Task goal =>
Print the lines below from the line with "1. E-Commerce Personalization" to the line with "Exquisite Relaxed Rustic" exactly, keeping both ends, and print no pictures.

Dataset content =>
# # # #

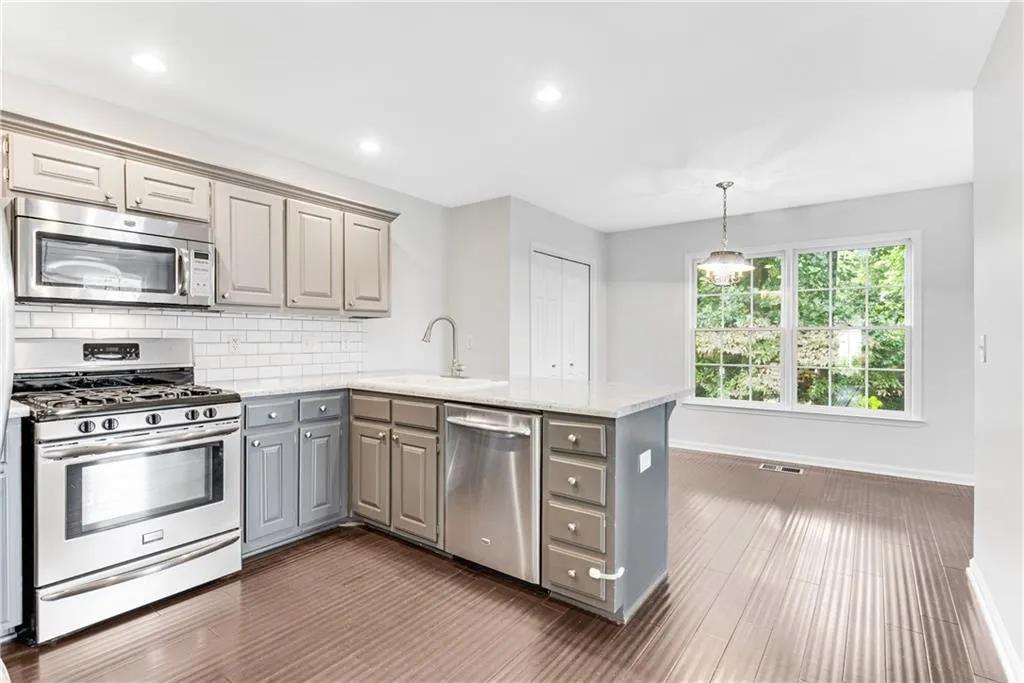 9123 Carroll Manor Drive, Sandy Springs, Georgia 30350, 3 Bedrooms Bedrooms, ,2 BathroomsBathrooms,Residential,Sold,9123 Carroll Manor Drive,6945008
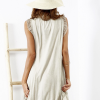 SCANDEZZA Beżowa sukienka z falbankami przy dekolcie - zdjęcie 3
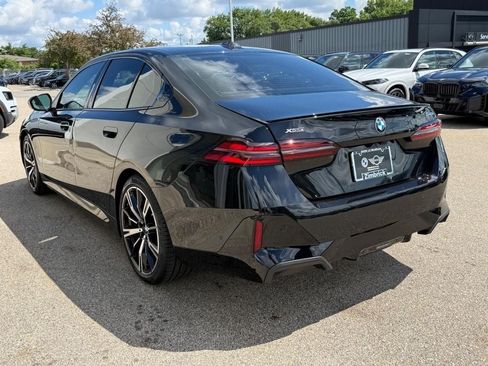 Used 2024 BMW 540i xDrive w/ Premium Package AWD/4WD image 6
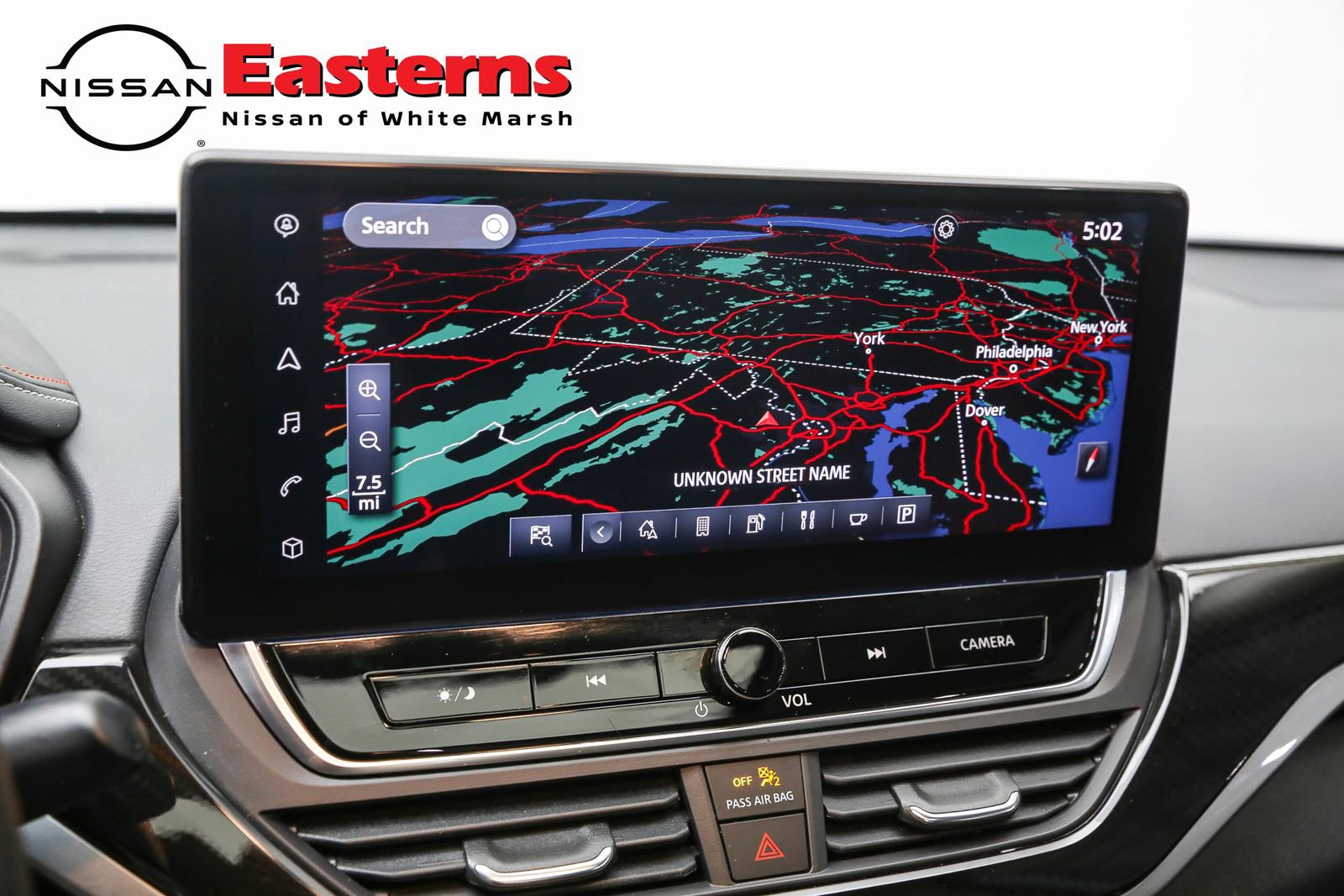 Used 2023 Nissan Altima 2.5 SR w/ SR Premium Package image 19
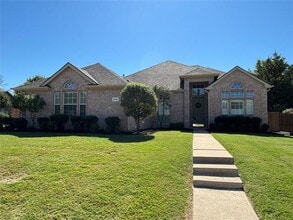 Building Photo - 314 Chisholm Trail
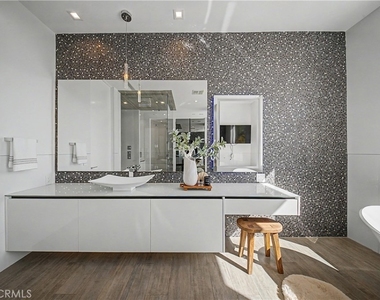 9459 Beverly Crest - Photo Thumbnail 23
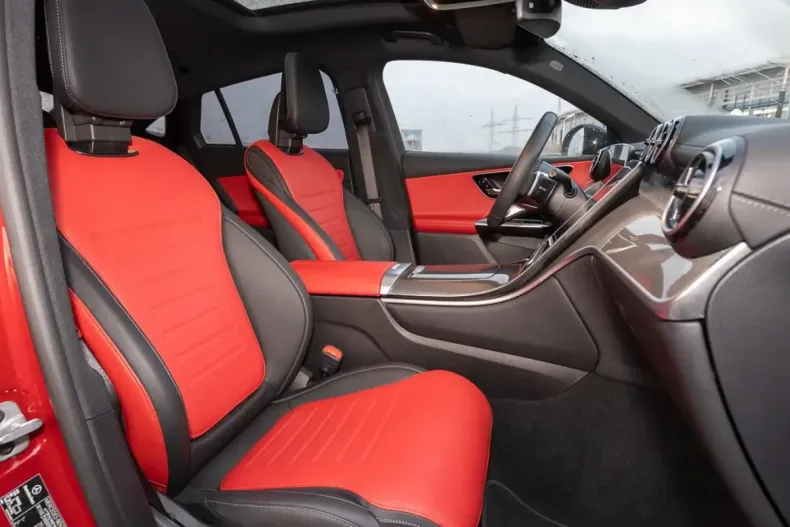 Mercedes-Benz GLC 200 din 2024 cu 12.667 km - oferta MER173605 - foto 10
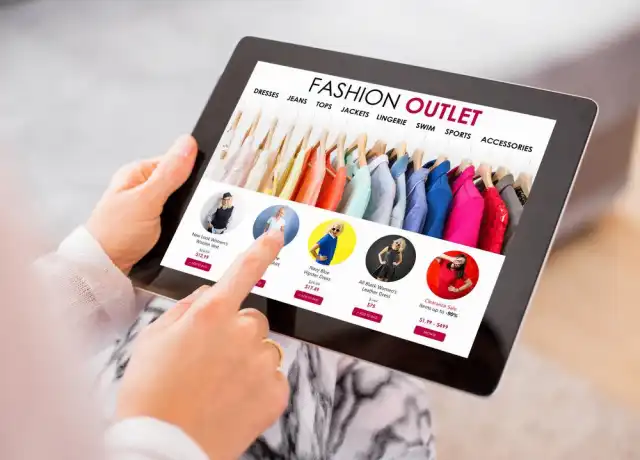 🌐 1. E-Commerce Personalization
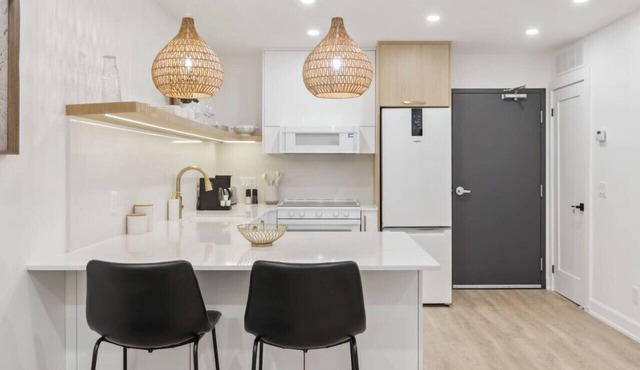Design Condo in Downtown Collingwood - 146 Hurontario Unit 2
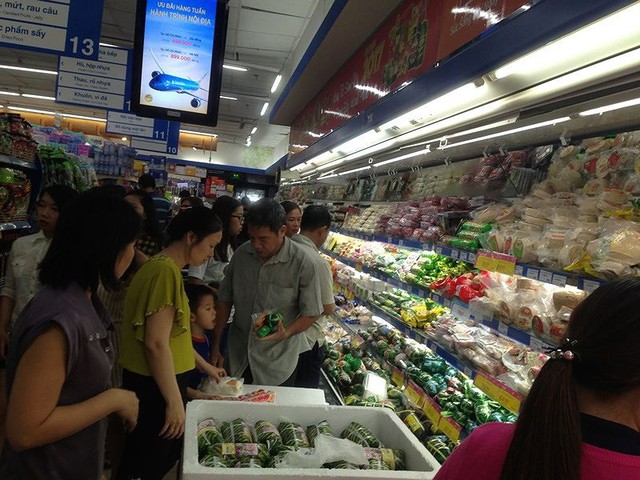 Chen chân nghẹt thở mua sắm ở siêu thị ngày sát Tết - Ảnh 2.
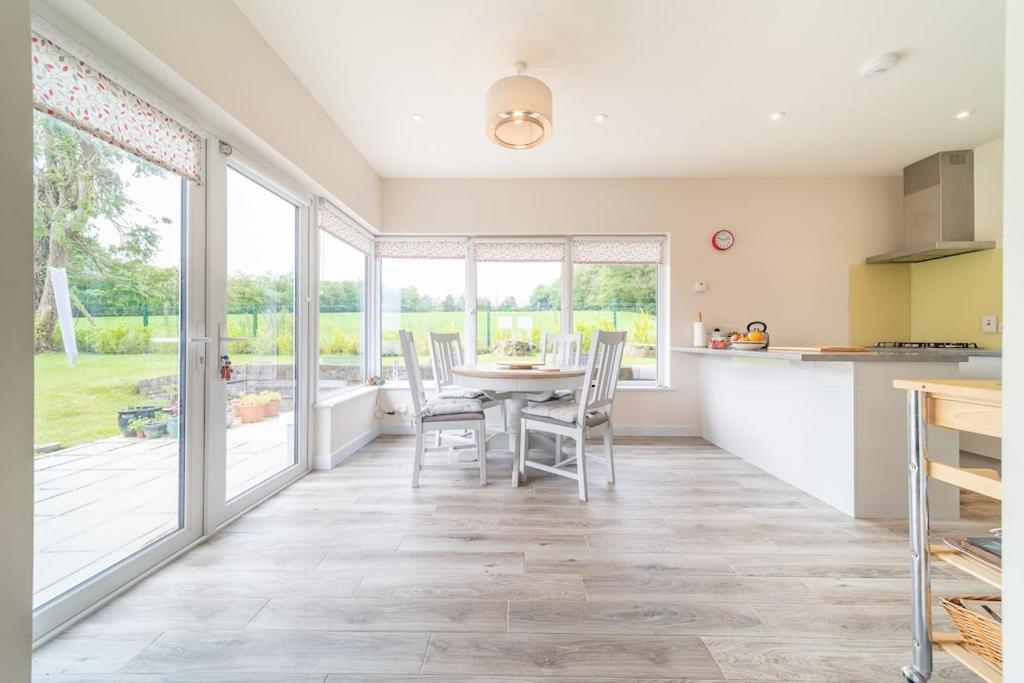 2 Bed Waterfront Property - Close To Courtmacsherry Cork Kültér fotó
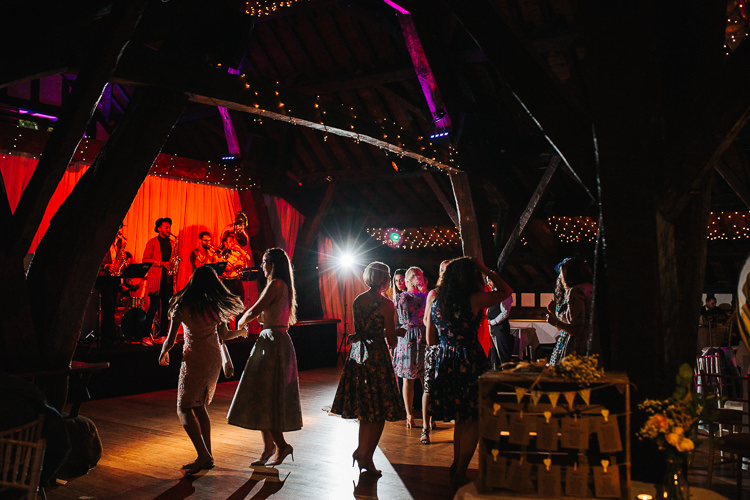 Exquisite Relaxed Rustic Barn Wedding http://www.emiliemay.com/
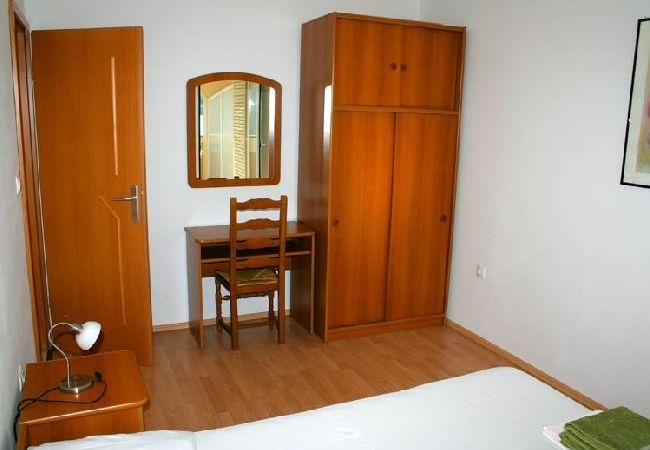 Appartamento a Stara Novalja - Appartamento in Stara Novalja con vista mare, loggia, Climatizzazione, WIFI (133-3) Appartamento a Stara Novalja - Appartamento in Stara Novalja con vista mare, loggia, Climatizzazione, WIFI (133-3)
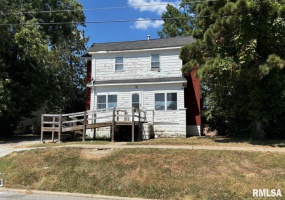 314 HESTER Street, Carbondale, Illinois 62901, 4 Bedrooms Bedrooms, 0 ,2 BathroomsBathrooms,Residential,For Sale,HESTER,0,RMAEB459522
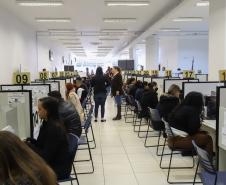 Agências do Trabalhador ofertam 11,7 mil vagas com carteira assinada no Paraná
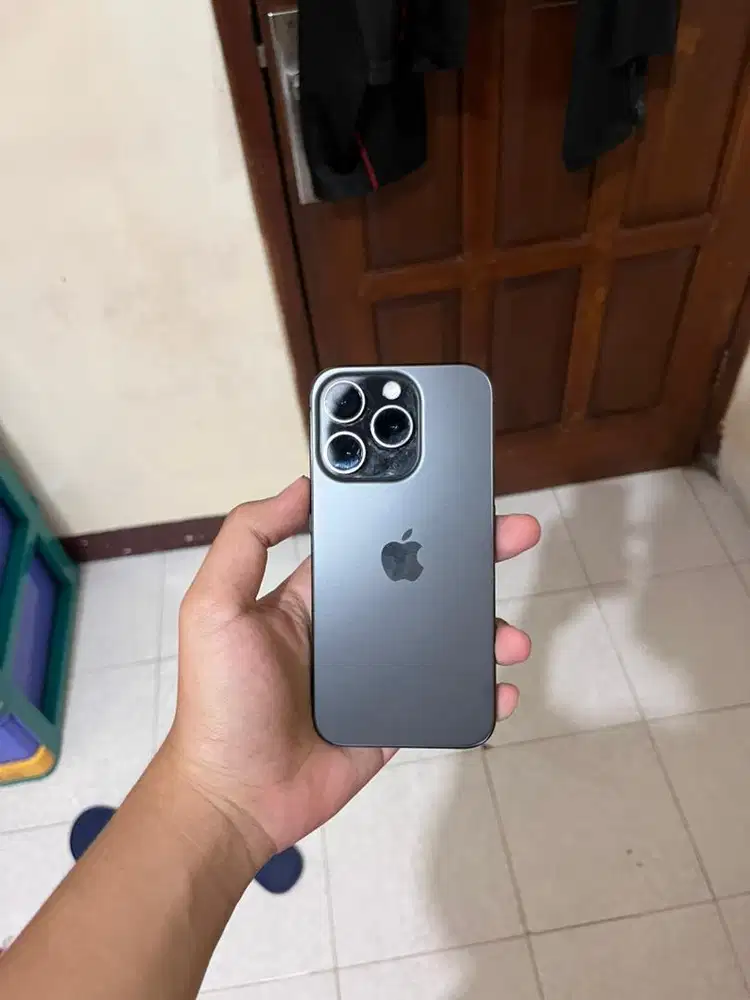 FOR SALE:iphone 15 pro 512gb black titanium -NO BOX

# # # #

Reply =>
 🌐 1. E-Commerce Personalization
Design Condo in Downtown Collingwood - 146 Hurontario Unit 2
 Chen chân nghẹt thở mua sắm ở siêu thị ngày sát Tết - Ảnh 2.
 2 Bed Waterfront Property - Close To Courtmacsherry Cork Kültér fotó
 Exquisite Relaxed Rustic Barn Wedding http://www.emiliemay.com/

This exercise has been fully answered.